**Data to use**

▬▬▬▬▬▬

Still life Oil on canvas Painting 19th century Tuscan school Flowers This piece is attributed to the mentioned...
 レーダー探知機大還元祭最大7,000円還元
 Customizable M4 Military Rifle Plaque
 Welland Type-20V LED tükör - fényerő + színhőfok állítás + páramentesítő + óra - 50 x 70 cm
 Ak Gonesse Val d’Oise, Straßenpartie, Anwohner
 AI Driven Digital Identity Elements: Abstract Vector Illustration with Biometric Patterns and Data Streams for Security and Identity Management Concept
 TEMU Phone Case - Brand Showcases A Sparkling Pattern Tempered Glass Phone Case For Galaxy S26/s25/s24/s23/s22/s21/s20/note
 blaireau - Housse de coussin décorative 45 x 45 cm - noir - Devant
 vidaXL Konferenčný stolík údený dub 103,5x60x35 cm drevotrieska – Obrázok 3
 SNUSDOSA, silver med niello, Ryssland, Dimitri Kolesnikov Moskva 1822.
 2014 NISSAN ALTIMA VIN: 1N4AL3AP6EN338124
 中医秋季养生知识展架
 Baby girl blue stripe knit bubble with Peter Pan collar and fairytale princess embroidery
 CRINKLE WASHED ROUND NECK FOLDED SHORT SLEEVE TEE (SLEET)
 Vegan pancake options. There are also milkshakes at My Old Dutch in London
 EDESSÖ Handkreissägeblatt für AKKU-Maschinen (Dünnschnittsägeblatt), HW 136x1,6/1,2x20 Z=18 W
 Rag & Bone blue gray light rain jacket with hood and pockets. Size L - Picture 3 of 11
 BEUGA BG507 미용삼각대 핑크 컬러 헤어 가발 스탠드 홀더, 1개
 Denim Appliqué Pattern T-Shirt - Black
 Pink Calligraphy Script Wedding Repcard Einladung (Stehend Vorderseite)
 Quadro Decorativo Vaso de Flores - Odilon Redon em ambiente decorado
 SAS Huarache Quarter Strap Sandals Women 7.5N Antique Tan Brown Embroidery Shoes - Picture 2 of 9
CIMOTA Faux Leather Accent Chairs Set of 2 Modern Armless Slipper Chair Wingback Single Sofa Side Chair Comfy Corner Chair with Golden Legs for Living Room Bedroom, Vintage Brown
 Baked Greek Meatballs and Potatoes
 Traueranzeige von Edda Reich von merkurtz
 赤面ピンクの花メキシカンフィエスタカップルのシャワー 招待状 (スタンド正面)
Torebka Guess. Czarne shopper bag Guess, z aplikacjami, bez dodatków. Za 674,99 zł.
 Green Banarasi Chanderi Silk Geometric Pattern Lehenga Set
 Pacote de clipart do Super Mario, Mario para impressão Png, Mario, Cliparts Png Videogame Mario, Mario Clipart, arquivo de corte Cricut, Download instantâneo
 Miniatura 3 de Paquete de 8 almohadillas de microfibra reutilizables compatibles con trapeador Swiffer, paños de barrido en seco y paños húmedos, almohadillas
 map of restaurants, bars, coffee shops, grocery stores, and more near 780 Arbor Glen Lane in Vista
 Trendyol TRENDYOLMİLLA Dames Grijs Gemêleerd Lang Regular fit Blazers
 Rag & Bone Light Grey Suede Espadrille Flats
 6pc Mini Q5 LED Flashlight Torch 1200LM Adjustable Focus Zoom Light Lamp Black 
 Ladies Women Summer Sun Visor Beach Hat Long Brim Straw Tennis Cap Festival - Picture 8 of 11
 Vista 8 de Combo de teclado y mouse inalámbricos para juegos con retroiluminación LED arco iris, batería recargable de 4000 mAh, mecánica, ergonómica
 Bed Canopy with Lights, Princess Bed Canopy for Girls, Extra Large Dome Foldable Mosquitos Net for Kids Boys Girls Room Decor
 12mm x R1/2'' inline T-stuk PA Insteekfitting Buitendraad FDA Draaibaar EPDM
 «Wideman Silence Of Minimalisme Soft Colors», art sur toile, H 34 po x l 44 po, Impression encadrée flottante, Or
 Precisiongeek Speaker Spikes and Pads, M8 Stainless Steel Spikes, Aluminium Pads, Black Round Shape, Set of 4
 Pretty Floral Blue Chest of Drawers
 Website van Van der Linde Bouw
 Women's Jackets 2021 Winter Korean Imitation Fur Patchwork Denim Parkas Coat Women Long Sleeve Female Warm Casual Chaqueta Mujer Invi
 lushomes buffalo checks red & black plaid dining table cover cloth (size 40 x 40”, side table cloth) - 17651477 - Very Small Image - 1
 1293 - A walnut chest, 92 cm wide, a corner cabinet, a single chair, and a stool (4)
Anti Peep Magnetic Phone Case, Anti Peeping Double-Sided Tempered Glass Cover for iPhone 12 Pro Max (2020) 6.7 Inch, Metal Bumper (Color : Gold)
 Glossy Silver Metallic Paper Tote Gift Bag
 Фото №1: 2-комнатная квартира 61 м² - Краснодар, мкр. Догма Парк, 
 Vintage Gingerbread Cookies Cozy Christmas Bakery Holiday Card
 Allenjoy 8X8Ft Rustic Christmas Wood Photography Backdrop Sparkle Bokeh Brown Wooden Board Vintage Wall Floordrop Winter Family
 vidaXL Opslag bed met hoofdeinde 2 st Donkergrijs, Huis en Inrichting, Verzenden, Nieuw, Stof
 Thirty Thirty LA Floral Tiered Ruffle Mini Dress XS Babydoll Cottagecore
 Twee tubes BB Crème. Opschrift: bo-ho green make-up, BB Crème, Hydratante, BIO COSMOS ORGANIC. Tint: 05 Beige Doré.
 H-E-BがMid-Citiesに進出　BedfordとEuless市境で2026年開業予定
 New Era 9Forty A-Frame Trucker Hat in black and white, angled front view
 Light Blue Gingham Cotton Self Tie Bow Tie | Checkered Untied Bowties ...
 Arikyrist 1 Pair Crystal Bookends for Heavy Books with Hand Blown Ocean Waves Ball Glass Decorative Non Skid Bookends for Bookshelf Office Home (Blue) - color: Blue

▬▬▬▬▬▬

All the entries are to be reproduced verbatim.

**Written answer**
Still life Oil on canvas Painting 19th century Tuscan school Flowers This piece is attributed to the mentioned...
 レーダー探知機大還元祭最大7,000円還元
 Customizable M4 Military Rifle Plaque
 Welland Type-20V LED tükör - fényerő + színhőfok állítás + páramentesítő + óra - 50 x 70 cm
 Ak Gonesse Val d’Oise, Straßenpartie, Anwohner
 AI Driven Digital Identity Elements: Abstract Vector Illustration with Biometric Patterns and Data Streams for Security and Identity Management Concept
 TEMU Phone Case - Brand Showcases A Sparkling Pattern Tempered Glass Phone Case For Galaxy S26/s25/s24/s23/s22/s21/s20/note
 blaireau - Housse de coussin décorative 45 x 45 cm - noir - Devant
 vidaXL Konferenčný stolík údený dub 103,5x60x35 cm drevotrieska – Obrázok 3
 SNUSDOSA, silver med niello, Ryssland, Dimitri Kolesnikov Moskva 1822.
 2014 NISSAN ALTIMA VIN: 1N4AL3AP6EN338124
 中医秋季养生知识展架
 Baby girl blue stripe knit bubble with Peter Pan collar and fairytale princess embroidery
 CRINKLE WASHED ROUND NECK FOLDED SHORT SLEEVE TEE (SLEET)
 Vegan pancake options. There are also milkshakes at My Old Dutch in London
 EDESSÖ Handkreissägeblatt für AKKU-Maschinen (Dünnschnittsägeblatt), HW 136x1,6/1,2x20 Z=18 W
 Rag & Bone blue gray light rain jacket with hood and pockets. Size L - Picture 3 of 11
 BEUGA BG507 미용삼각대 핑크 컬러 헤어 가발 스탠드 홀더, 1개
 Denim Appliqué Pattern T-Shirt - Black
 Pink Calligraphy Script Wedding Repcard Einladung (Stehend Vorderseite)
 Quadro Decorativo Vaso de Flores - Odilon Redon em ambiente decorado
 SAS Huarache Quarter Strap Sandals Women 7.5N Antique Tan Brown Embroidery Shoes - Picture 2 of 9
CIMOTA Faux Leather Accent Chairs Set of 2 Modern Armless Slipper Chair Wingback Single Sofa Side Chair Comfy Corner Chair with Golden Legs for Living Room Bedroom, Vintage Brown
 Baked Greek Meatballs and Potatoes
 Traueranzeige von Edda Reich von merkurtz
 赤面ピンクの花メキシカンフィエスタカップルのシャワー 招待状 (スタンド正面)
Torebka Guess. Czarne shopper bag Guess, z aplikacjami, bez dodatków. Za 674,99 zł.
 Green Banarasi Chanderi Silk Geometric Pattern Lehenga Set
 Pacote de clipart do Super Mario, Mario para impressão Png, Mario, Cliparts Png Videogame Mario, Mario Clipart, arquivo de corte Cricut, Download instantâneo
 Miniatura 3 de Paquete de 8 almohadillas de microfibra reutilizables compatibles con trapeador Swiffer, paños de barrido en seco y paños húmedos, almohadillas
 map of restaurants, bars, coffee shops, grocery stores, and more near 780 Arbor Glen Lane in Vista
 Trendyol TRENDYOLMİLLA Dames Grijs Gemêleerd Lang Regular fit Blazers
 Rag & Bone Light Grey Suede Espadrille Flats
 6pc Mini Q5 LED Flashlight Torch 1200LM Adjustable Focus Zoom Light Lamp Black 
 Ladies Women Summer Sun Visor Beach Hat Long Brim Straw Tennis Cap Festival - Picture 8 of 11
 Vista 8 de Combo de teclado y mouse inalámbricos para juegos con retroiluminación LED arco iris, batería recargable de 4000 mAh, mecánica, ergonómica
 Bed Canopy with Lights, Princess Bed Canopy for Girls, Extra Large Dome Foldable Mosquitos Net for Kids Boys Girls Room Decor
 12mm x R1/2'' inline T-stuk PA Insteekfitting Buitendraad FDA Draaibaar EPDM
 «Wideman Silence Of Minimalisme Soft Colors», art sur toile, H 34 po x l 44 po, Impression encadrée flottante, Or
 Precisiongeek Speaker Spikes and Pads, M8 Stainless Steel Spikes, Aluminium Pads, Black Round Shape, Set of 4
 Pretty Floral Blue Chest of Drawers
 Website van Van der Linde Bouw
 Women's Jackets 2021 Winter Korean Imitation Fur Patchwork Denim Parkas Coat Women Long Sleeve Female Warm Casual Chaqueta Mujer Invi
 lushomes buffalo checks red & black plaid dining table cover cloth (size 40 x 40”, side table cloth) - 17651477 - Very Small Image - 1
 1293 - A walnut chest, 92 cm wide, a corner cabinet, a single chair, and a stool (4)
Anti Peep Magnetic Phone Case, Anti Peeping Double-Sided Tempered Glass Cover for iPhone 12 Pro Max (2020) 6.7 Inch, Metal Bumper (Color : Gold)
 Glossy Silver Metallic Paper Tote Gift Bag
 Фото №1: 2-комнатная квартира 61 м² - Краснодар, мкр. Догма Парк, 
 Vintage Gingerbread Cookies Cozy Christmas Bakery Holiday Card
 Allenjoy 8X8Ft Rustic Christmas Wood Photography Backdrop Sparkle Bokeh Brown Wooden Board Vintage Wall Floordrop Winter Family
 vidaXL Opslag bed met hoofdeinde 2 st Donkergrijs, Huis en Inrichting, Verzenden, Nieuw, Stof
 Thirty Thirty LA Floral Tiered Ruffle Mini Dress XS Babydoll Cottagecore
 Twee tubes BB Crème. Opschrift: bo-ho green make-up, BB Crème, Hydratante, BIO COSMOS ORGANIC. Tint: 05 Beige Doré.
 H-E-BがMid-Citiesに進出　BedfordとEuless市境で2026年開業予定
 New Era 9Forty A-Frame Trucker Hat in black and white, angled front view
 Light Blue Gingham Cotton Self Tie Bow Tie | Checkered Untied Bowties ...
 Arikyrist 1 Pair Crystal Bookends for Heavy Books with Hand Blown Ocean Waves Ball Glass Decorative Non Skid Bookends for Bookshelf Office Home (Blue) - color: Blue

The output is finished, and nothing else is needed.